→ **Source material**

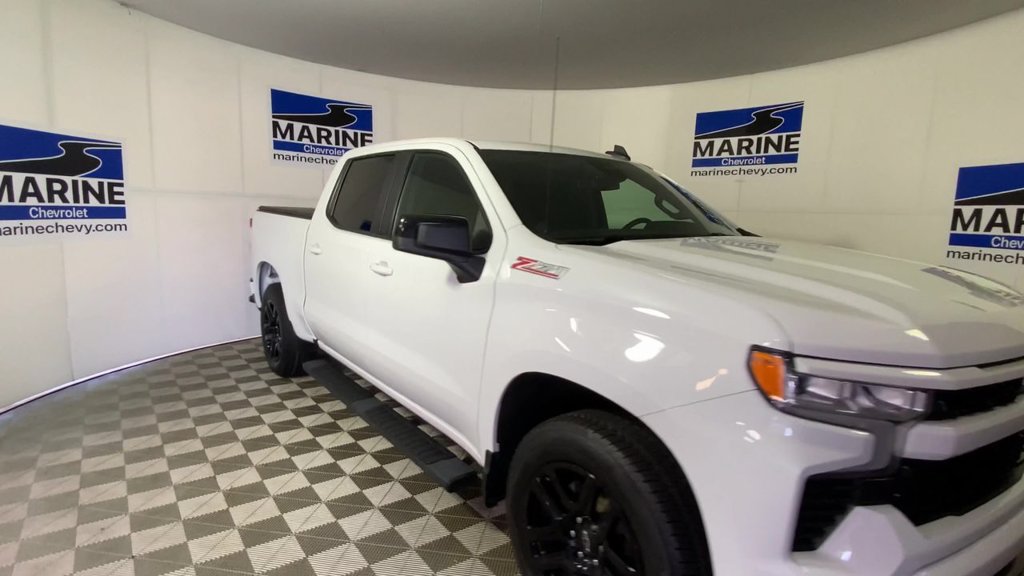 Used 2023 Chevrolet Silverado 1500 RST w/ Z71 Off-Road Package AWD/4WD image 4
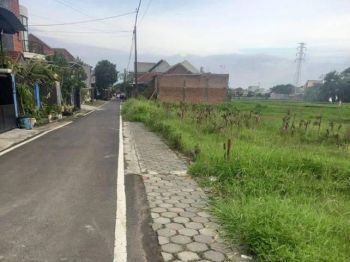 Siap bangun tanah di teluk grajakan malang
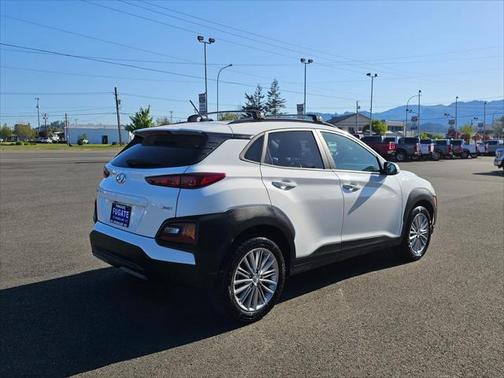 2021 Hyundai KONA SEL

→ **Task directions**
In your copy, the listing above should appear word for word, with no images.

→ **Exercise answer**
 Used 2023 Chevrolet Silverado 1500 RST w/ Z71 Off-Road Package AWD/4WD image 4
 Siap bangun tanah di teluk grajakan malang
 2021 Hyundai KONA SEL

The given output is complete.